The wrong answer is to limit their control enough that they can't break anything important. That also means they can't do anything meaningful, so you've built a safe but useless feature.
The right answer is structured flexibility. Technical users define the guardrails — the design components, the layout blocks, the templates, the brand constraints. Within those guardrails, non-technical users have genuine creative latitude. They can compose, experiment, and publish without waiting for a developer. But they can only compose from building blocks that technical users have approved and configured.
This model requires explicit product decisions about who controls what at each layer. It also requires explicit conversations with the technical stakeholders in your customer organizations — the developers and architects who currently own that layer — about what they're willing to hand off and what constraints they need in place. If you don't address their concerns directly, they'll find ways to work around your new feature or simply block adoption internally.
Three questions to answer before you start building
If you're planning a persona expansion, these three questions will save you a year of building the wrong thing:
What decisions does the new persona actually need to make independently? Don't start with "what do they do today?" Start with "what are they trying to achieve that they currently can't do without help?" There's a big difference between a marketer who wants to edit copy (mostly a UX problem) and a marketer who wants to build new page layouts (a structural problem).
Where does that information currently live, and who controls it? Map the dependency. If the answer is "in frontend code, controlled by the engineering team," you know the scope of the infrastructure work before you've written a single spec.

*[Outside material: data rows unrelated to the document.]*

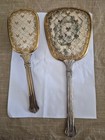 Vintage Victorian Style Vanity Hand Mirror And Brush Set Silver  Gold Tone  Bows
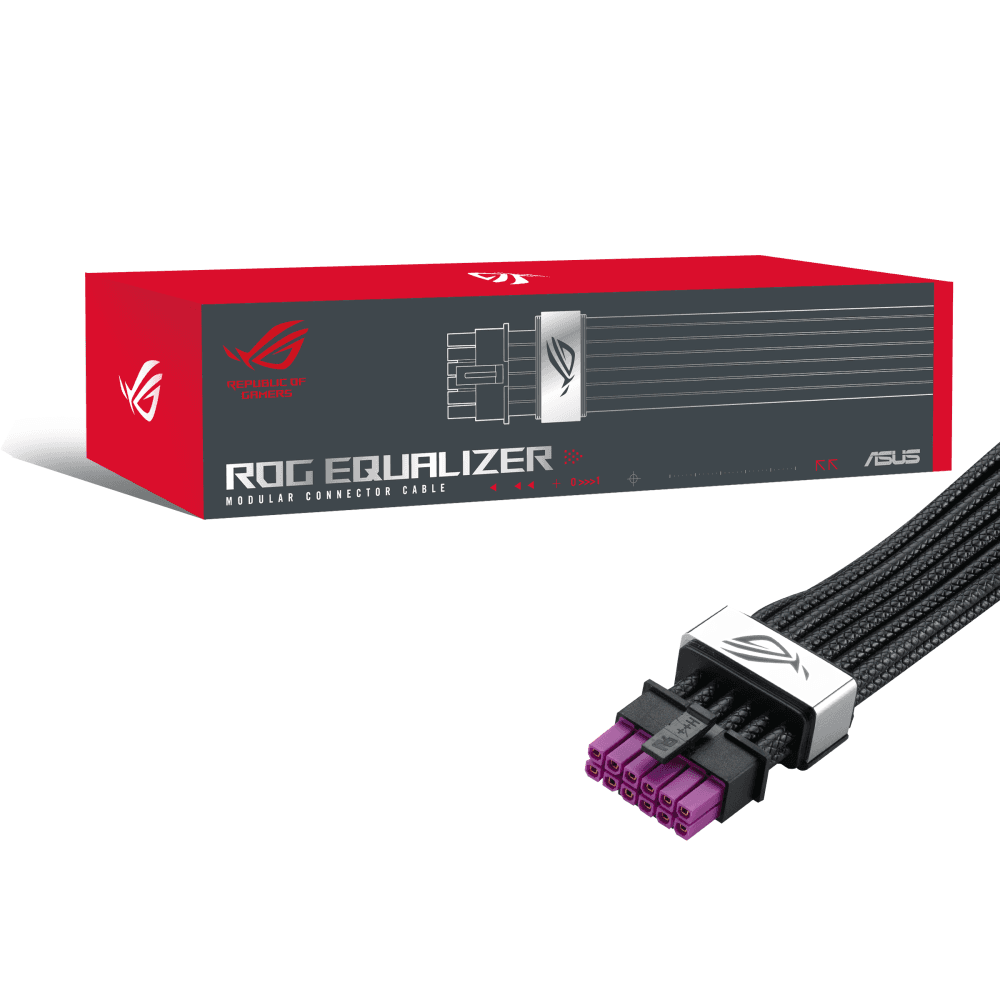 Asus ASUS ROG Equalizer 12V-2x6 PCIe Power Cable, ATX 3.1 & PCIe 5.1 Compliant, 750mm, 17A Load Capacity | 90YE00BN-B0QA00 - product view 1 of 6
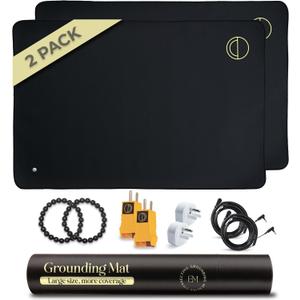 Earth and Moon Grounding Mat for Desk, Reduce Fatigue & Stress, Supports Energy & Wellness, Grounding Pad for Bed, Office, Living Room, Works Well w/Sheets, Blanket, w/ 15 Foot Cord, 35x24in, 2 Pack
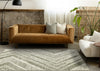 Florence Green White Distressed Chevron Design Rug, 5'3" x 7'4" Indoor Area Rug | Tapis Florence vert et blanc a motif chevron vieilli, 5'3" x 7'4"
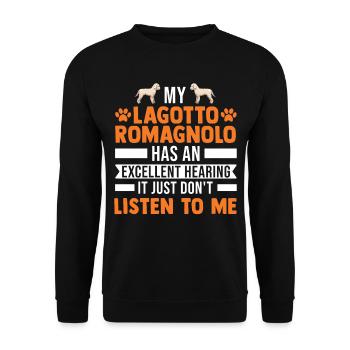 Lagotto Romagnolo Wasserhund - Unisex Pullover - Schwarz - Vorne - Alina (178cm) & Michal (187cm)
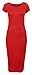 Forever Womens Plain Cap Sleeves Bodycon Midi Dress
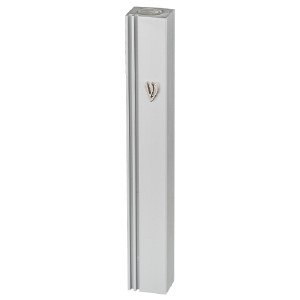 Aluminum Rectangle Mezuzah Case Silver Stripes Design with Silver Shin 15cm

What will the existing persona (and their technical stakeholders) accept giving up? This is the political question most product teams avoid, but it determines what's actually buildable. If the engineering team at your customers will reject any solution that doesn't give them audit logs, version control, and rollback — build those first. They're not nice-to-haves; they're the cost of entry for the expansion to work.
How AI changes the equation
One of the most significant things AI does in this context is change the economics of what non-technical users can accomplish independently.
Previously, tasks that required real skill — creating content variants for different audiences, adapting designs to different contexts, maintaining brand consistency across hundreds of pages — required developers or designers even when you'd solved the structural access problem. The cognitive complexity was genuinely high.
AI can now automate many of those tasks. When technical users have structured the building blocks correctly — semantically meaningful components, actionable brand guidelines, organized content — AI can generate variants, adapt compositions, and personalize at a scale no human team could match. Non-technical users can prompt for what they need rather than constructing it manually.
This changes the ambition level that's realistic for persona expansion. Things that previously required too much technical skill to delegate are becoming automatable. The structural work still has to happen — you still need the building blocks layer, the governance architecture, the right access model. But once that infrastructure exists, AI dramatically expands what non-technical users can actually do with it.
The thing most product teams learn the hard way
Persona expansion is one of the highest-leverage growth strategies in B2B SaaS. When it works, you're selling deeper into accounts you already have, adding revenue without a new sales motion. But the path from "we want marketers to use this too" to "marketers can genuinely work independently" requires solving the structural problem that created the dependency in the first place.
Don't skip that step. Don't try to paper over it with a simpler interface. Identify the dependency, understand its root cause, and build the infrastructure that removes it. Everything else follows from that.